Nous accordons aux auteurs du projet de loi de faire preuve de bonne volonté en ajoutant des causes, qui sont d’ailleurs fortement inspirées d’une modification de la loi espagnole. Mais nous trouvons l’addition maladroitement rédigée. Elle enserre le chef d’entreprise dans des conditions strictes de nature mathématique et objective, qui au surplus n’ont pas nécessairement de rapport avec les situations où la réorganisation s’impose. D’autre part, et cela est une grave incompréhension, elle conditionne la réorganisation à des « difficultés », et pire encore, à des difficultés constatées depuis un certain temps, alors que la mission du chef d’entreprise, comme de tout dirigeant, est de prévoir et d’agir avant que le dommage soit intervenu. Enfin, elle méconnaît généralement la raison d’être du dirigeant de prendre des décisions d’ordre stratégique qui n’ont rien à voir avec les résultats financiers immédiats ou passés, mais est du ressort de l’imagination créatrice qui impose de pouvoir détruire pour reconstruire plus fort.

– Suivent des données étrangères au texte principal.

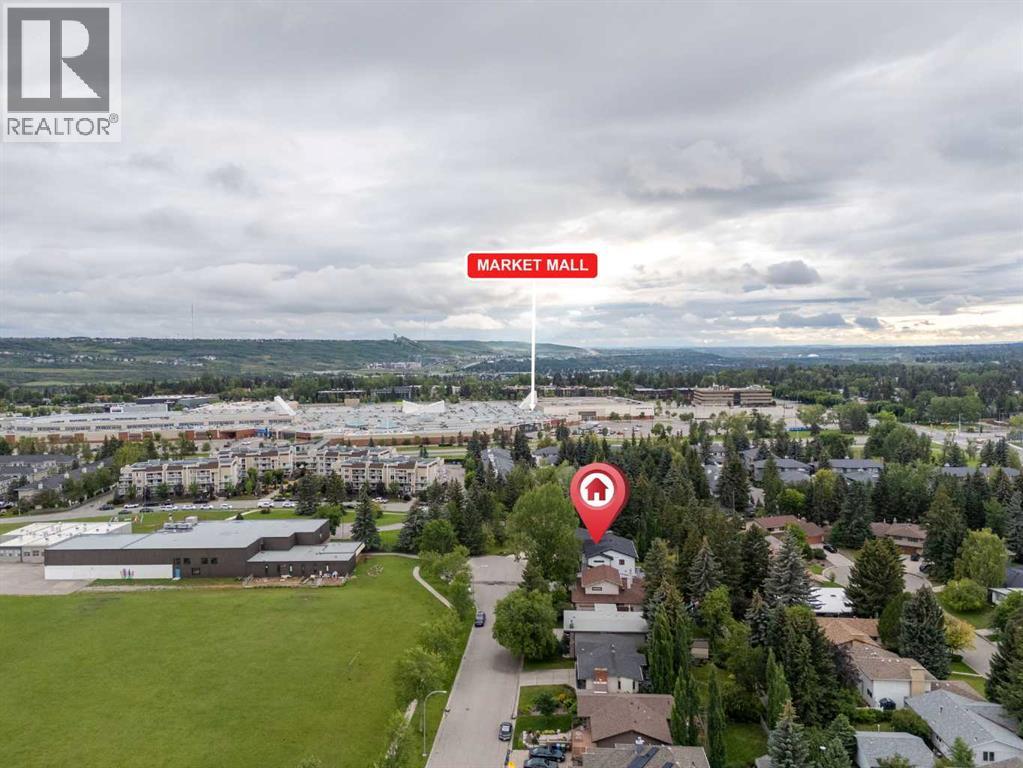 Single Family House for Sale in  Vardana Place NW Varsity Calgary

Autrement dit, le texte proposé ne brise pas avec le contre-sens de la loi et de la jurisprudence actuelle, et se situe toujours dans la protection des salariés, même lorsque l’intérêt du développement de l’entreprise, et donc de son emploi, commanderait le contraire.

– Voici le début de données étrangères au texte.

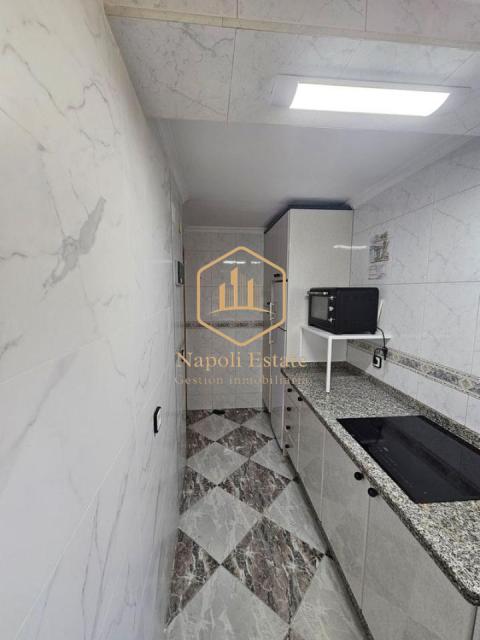 NAPOLI ESTATE presenta este luminoso piso a pasos del mar en Huelin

Nous restons  très sceptiques sur le fait que la modification proposée serait finalement de nature à changer une jurisprudence traditionnellement hostile au principe de « destruction créatrice » bien connu.

A revoir

Outre les problèmes de rédaction de l’article 1233-3 que nous venons de signaler, et à titre de mesure complémentaire, il est indispensable de modifier les obligations de reclassement de l’entreprise en cas de licenciement suivi d’un plan de sauvegarde de l’emploi, qui peuvent être, toujours sous l’empire d’une jurisprudence extraordinairement exigeante, d’une lourdeur telle qu’elle fait naître chez l’employeur des craintes pires que celle de devoir payer des dommages-intérêts pour licenciement abusif.